# Stippen oder Matchen oder Pickern



## Rotauge (27. Oktober 2003)

So, bevor hier alle in ein Herbstloch fallen, interessiert mich doch mal wie ihr h a u p t s ä c h l i c h den Friedfischen auf die Schuppen rückt.


----------



## Rotauge (27. Oktober 2003)

Ach ja, nicht nur abstimmen, schreibt auch ein wenig zu Eurem Hobby, zu Eurer Methode usw.


----------



## Truttafriend (27. Oktober 2003)

Ich sitze sehr gerne mit meinen beiden Daiwa Tornado Z 390 im Schilf an und stelle den Schleien und Karpfen nach. Jeweils mit alten Cardinal 44 und 28er Leine bestückt. Feine Waggler baue ich aus Reet selber. Ausgebleit wird nach Driftbeater.So habe ich fast nur krasse Hebebisse.

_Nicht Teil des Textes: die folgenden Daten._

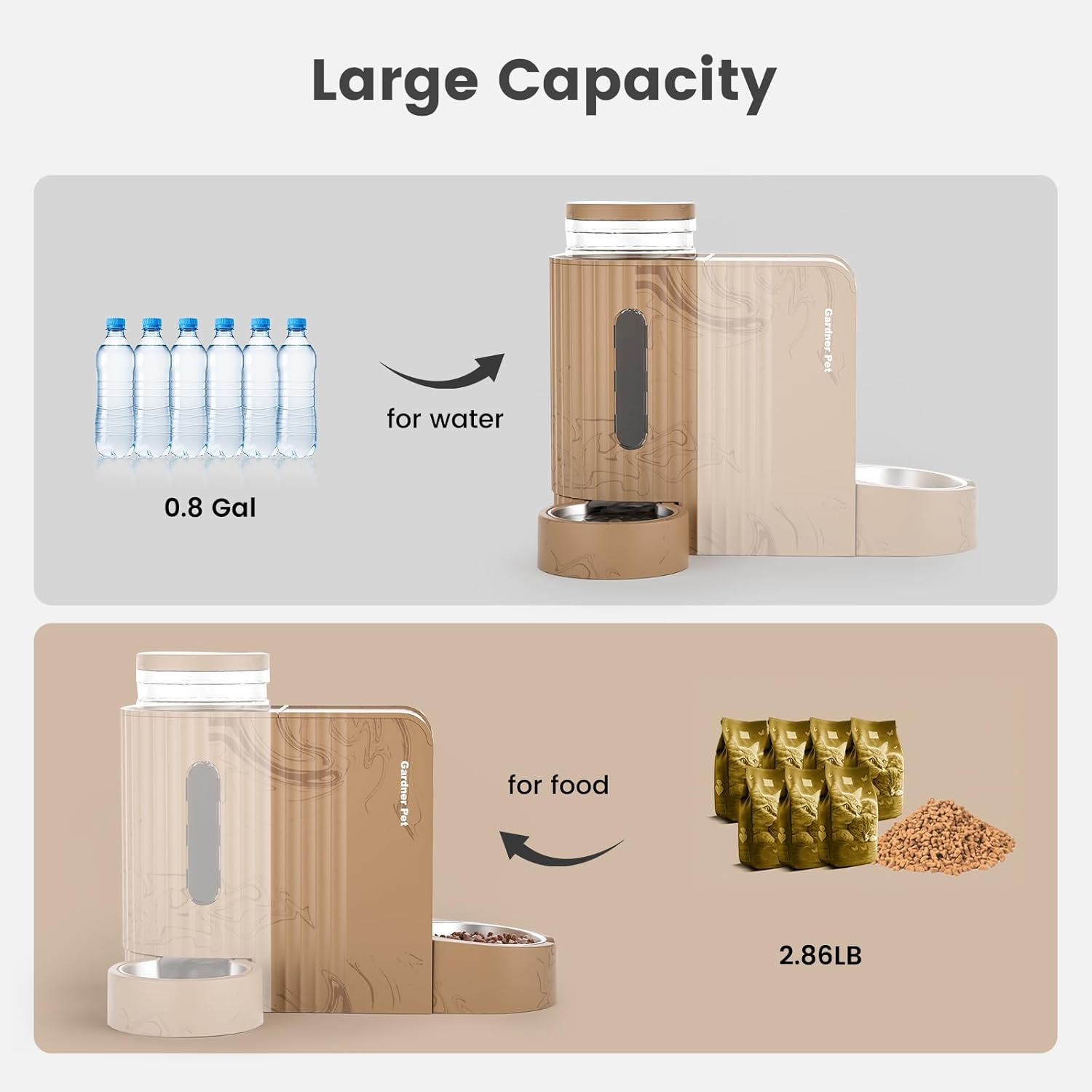 Gardner Pet Automatische waterdispenser 3 l x 2, waterdispenser voor katten en honden door zwaartekracht, voederstation met roestvrijstalen kom, geen stroom, BPA-vrij, hoek verstelbaar, zwart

Auf die Distanz kommt bei mir eine 3,40 lange Schwingspitze zum Einsatz. Neuerdings teste ich Geflochtene. Die Bisse sind wirklich sehr deutlich.

Macht einfach nur Spaß:z


----------



## Wümmefischer (27. Oktober 2003)

Wenn´s irgendwie geht: Matchrute! Meine Kombi: Milo NewEra 3,90m mit Shimano Twin Power 3000, Schnur Sensas Anglaise 0,14. Pose(n) von Drennan. Mein Favorit für stehende Gewässer ist der Driftbeater oder eine Pfauenfederpose, im Fließwasser entweder mit Stick oder Avon. 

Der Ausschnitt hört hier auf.